"Now do you see, you mutineering doddlehead?"
Well then. A lot can happen in half an hour.
We begin with a reprise of the big cliffhanger reveal about Arnold of Todi and Ramon Lully, aka Cole Hawlings, and then we, along with a miniature Kay, get to see the splendidly moustache-twirling Abner providing more and more exposition, ostensibly to the mutinous but dim Joe. The clergymen have been taken as hostages for the Box's return, and silly Abner doesn't suspect Kay simply because Sylvia Daisy Pouncer has declared him an "idle muff". Heh. This may be the most lampshaded piece of dramatic irony ever.

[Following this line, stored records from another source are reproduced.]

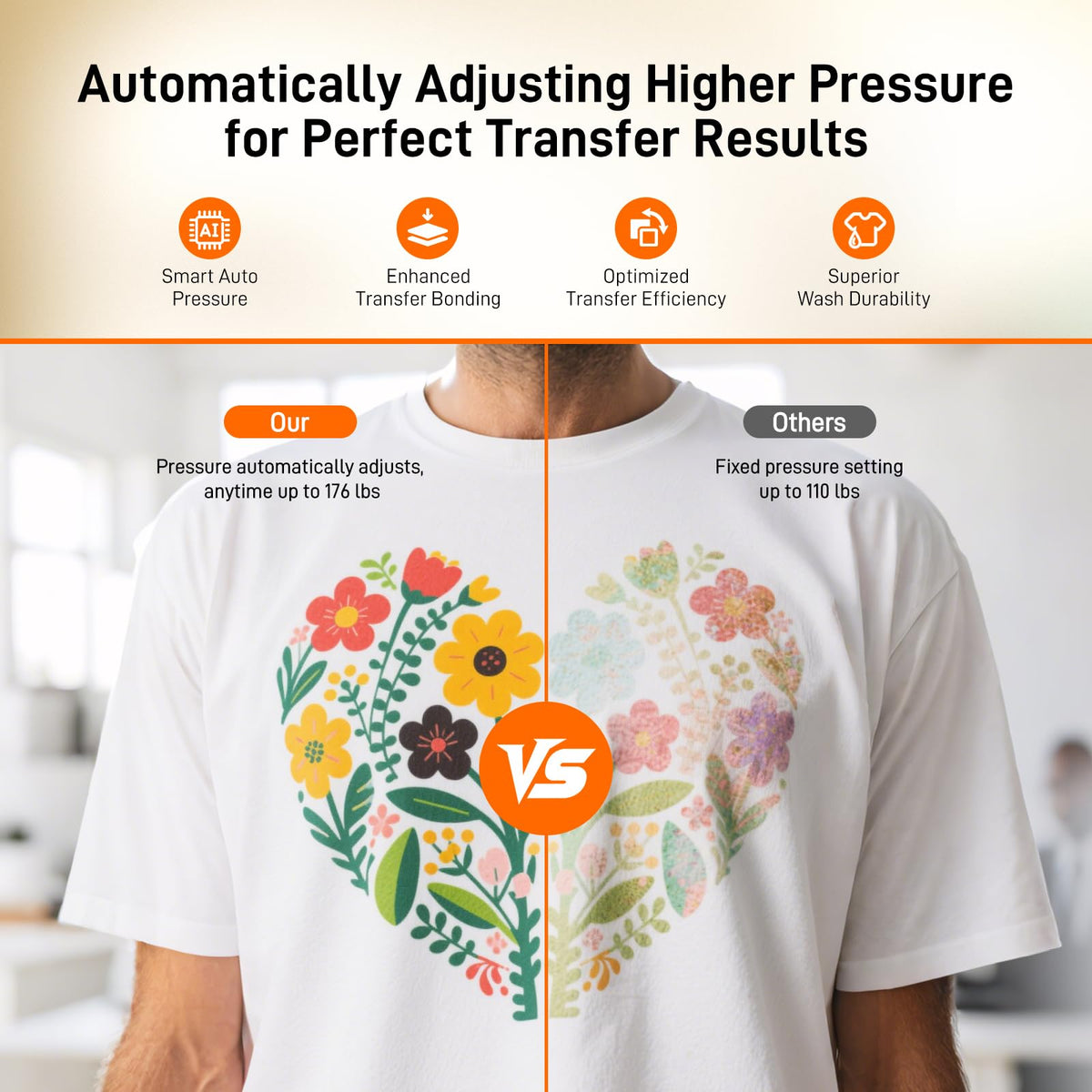 Heat Press Machine for T Shirts, 15"x15" Auto Shirt Press Machine w/ 4 Memory Modes, 15 Mins Auto-Off, Precise Temp/Timer Control, Fast Even Heat for Sublimation, HTV, Heat Transfer Projects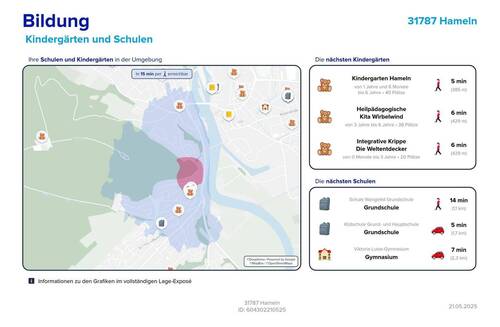 Bildung - 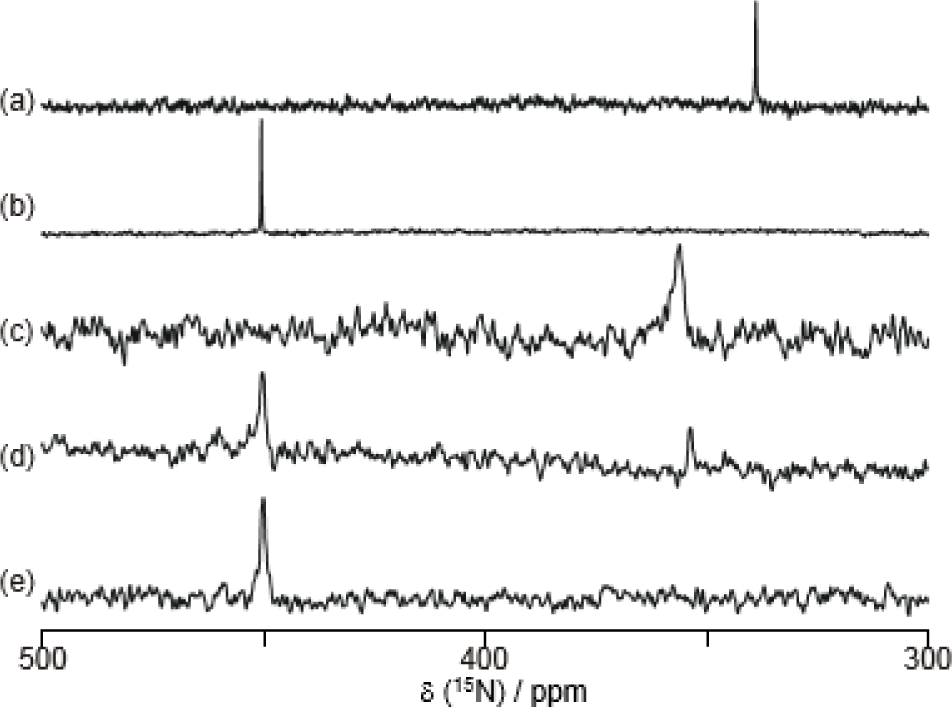Materials 07 01201f9 1024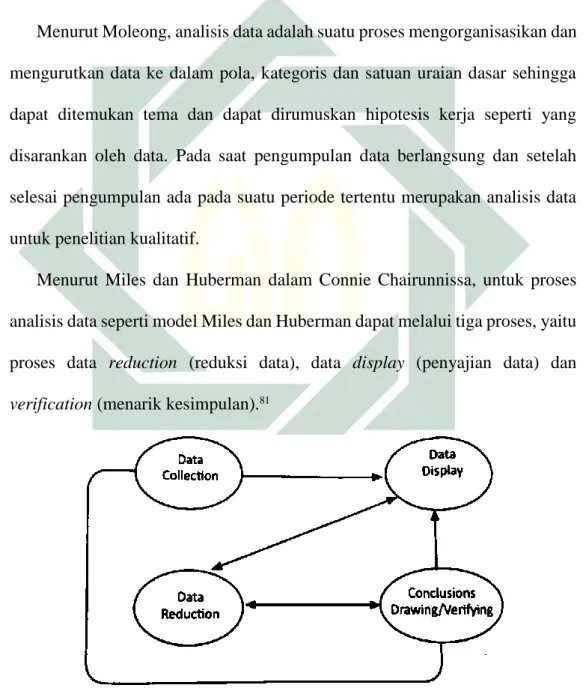 Gambar 1. Model Analisis Interaktif Miles dan Huberman                                                             
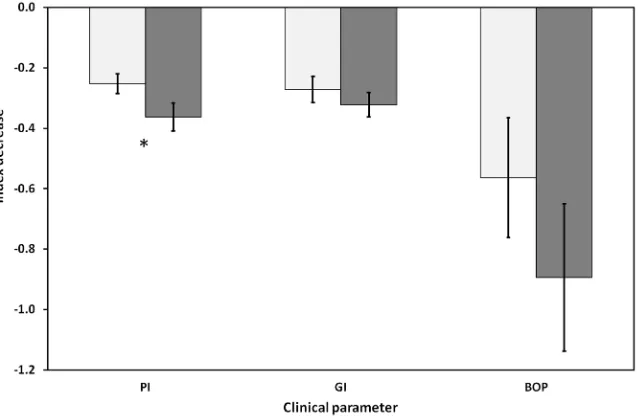 Figure 1. Change in the clinical parameters PI (dashed line) and GI (solid line) for all subjects from Baseline (W0) to Week 8 (W8) plotted with the Standard Error of the Mean as the error bars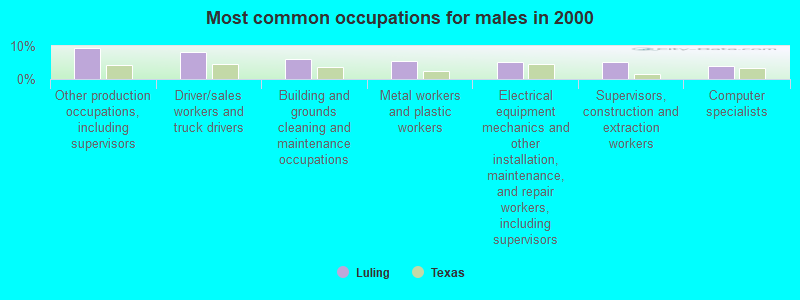 Most common occupations for males in 2000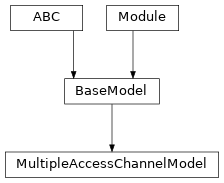 Inheritance diagram of MultipleAccessChannelModel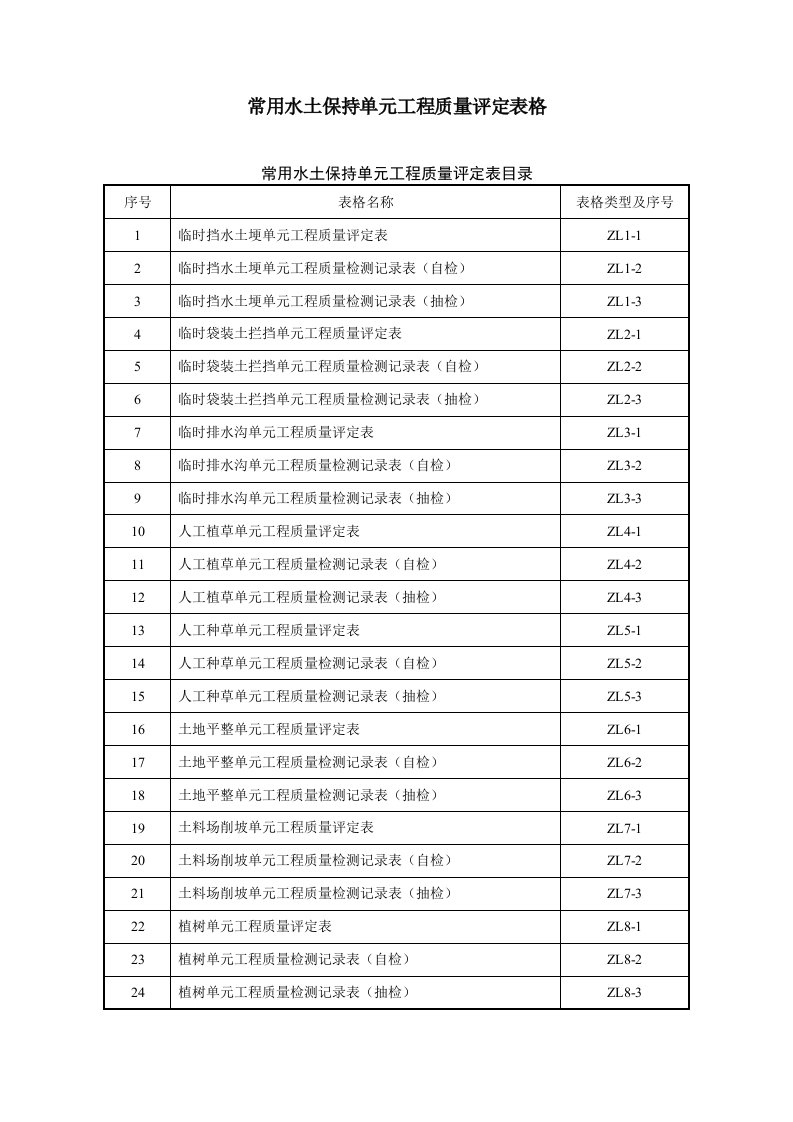 常用水土保持单元工程高质量评定表格(样表格)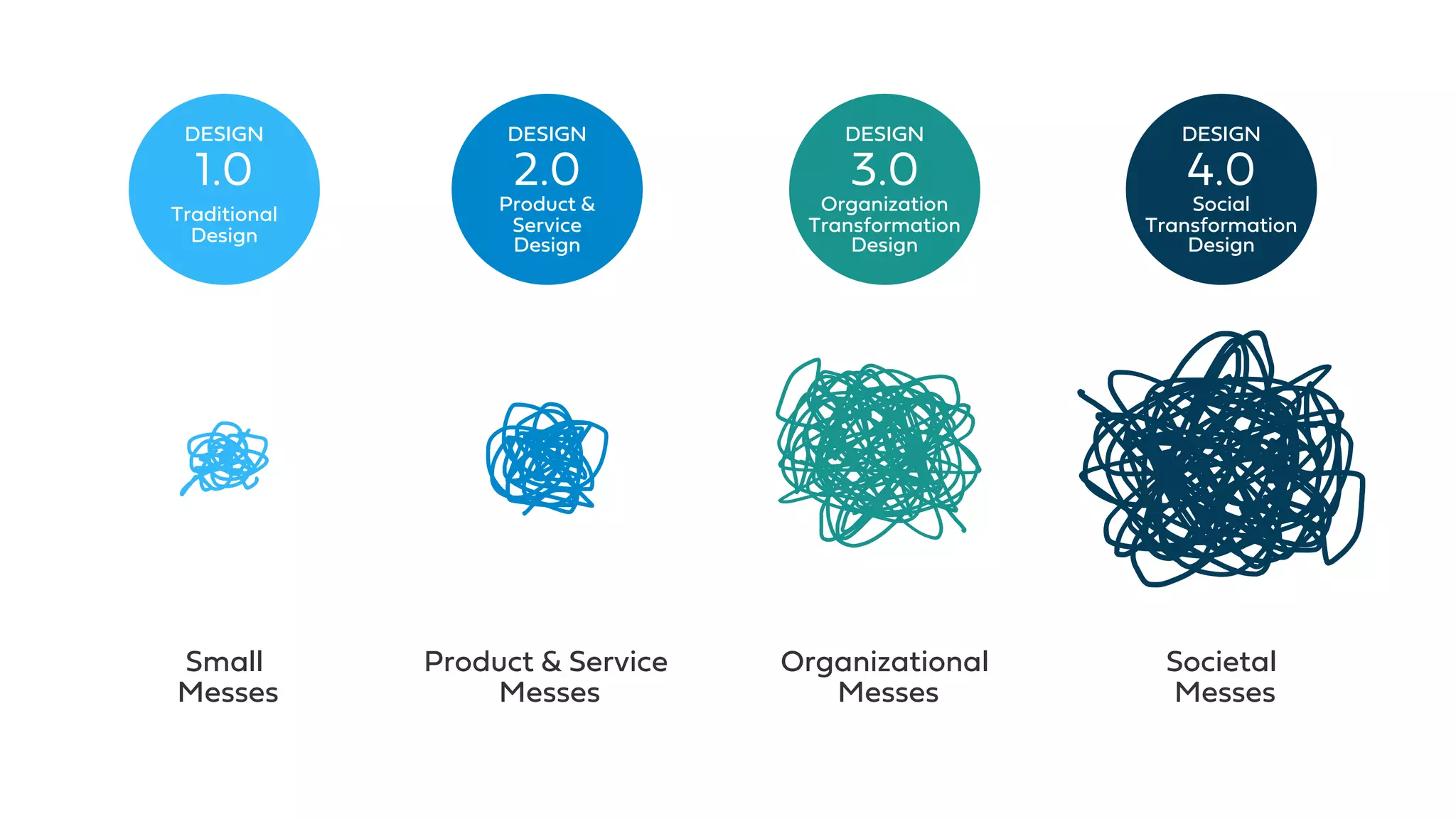 DESIGN
4.0
Social
Transformation
Design
DESIGN
3.0
Organization
Transformation
Design
DESIGN
2.0
Product &
Service
Design
DESIGN
1.0
Traditional
Design
Small
Messes
Product & Service
Messes
Organizational
Messes
Societal
Messes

But Kay has failed to rescue Cole, Peter or Caroline Louisa, so in desperation he turns to the Box, and Herne the Hunter. If Kay can go to the past, and persuade old Arnie to take back the Box, it wont be around to cause all this trouble, right? So we get a trippy and cartoony interlude as Kay travels to a surreal-looking Trojan War past which makes no attelpt at realism and, above all, probably didn't cost that much. Here he finds a delightfully eccentric Arnie, played by Philip Locke, who went forever to the past because "my own time was dull"; believes Englishmen has tails; has no wish to leave the tiny island in 1200ish BC on which he happens to be marooned, alone; and is quite, quit mad, This is silly, pointless, and really rather brilliant.
Back in the present, the Bishop and a load of choirboys are in dungeon cells and Abner plans to double cross hi underlings to escape on his own with the fortune from the various robberies the gang has committed. But they plan to double cross him too. Neither of whch is Kay;s concern at present as he's small, has lost the box, and is trapped.
This is, by now, completely and utterly bonkers. I love it.